Develop bridge image for the cloud
When we first started working on the bridge design, we were thinking to ourselves "we should get lots of bridges, so China can't block them all." That was wrong. Instead we should be thinking "we should make sure the rate of getting new bridge addresses exceeds the rate that China can block them." The key resource that bridges need is changeable IP addresses. So we should experiment with easy-to-set-up images for the cloud, so people can pop up a bridge, and then discard it once it gets blocked.
Step one is to set up a bridge on the cloud (say, Amazon) and run it for a little while, to make sure there aren't any stupid things making this harder than it sounds.
Step two is to learn more about the pricing structures: is baseline time cheap but bandwidth is expensive?
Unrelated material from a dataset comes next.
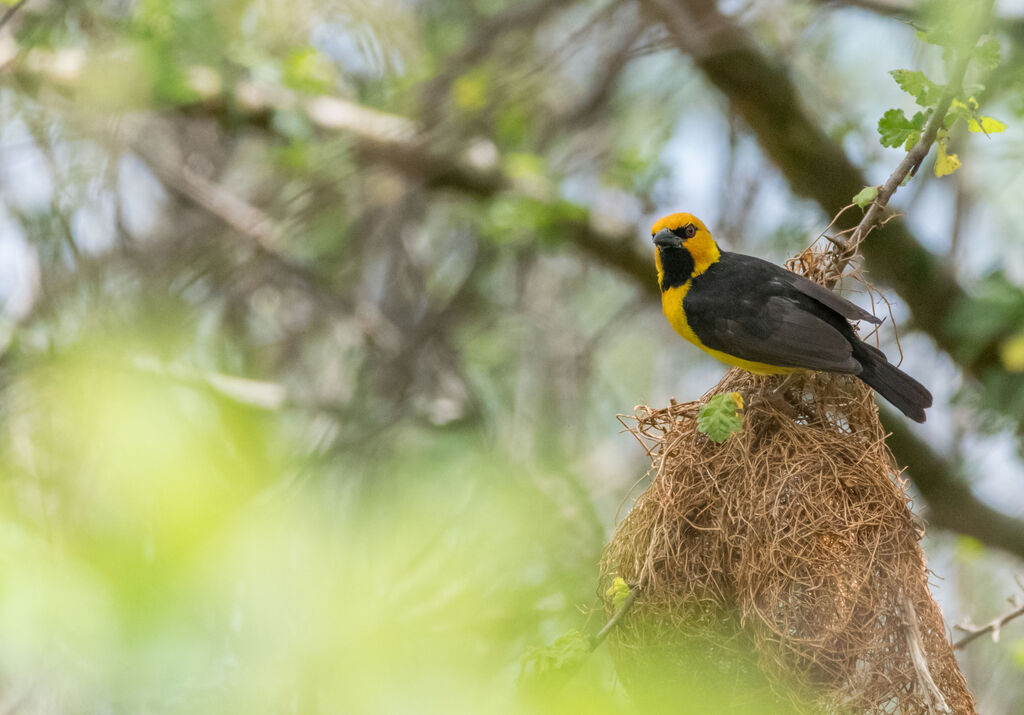 Black-necked Weaver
Or CPU? Etc. How much money are we talking here, for a variety of bridge scenarios? Evaluate a variety of cloud providers.
Step three, investigate programmatic "get new IP address" cloud functions we can use. In the future (e.g. #1851 (moved) or others), bridges will be able to automatically discover that they need a new IP address. The crude approach would be to abandon the bridge image and start up another one next door. The better approach would be to teach Tor how to press the "new IP address please" button on its host.
Step four is to learn more about automation. What are the steps for making it so you can tell other people "just launch image Z and you'll be running a bridge"? Do these steps and make it so.
Step five is to write the howto for groups like RFA who want to ask people to run bridges for them. Make sure to resolve usability pieces like "should my bridges publish in bridgedb or not".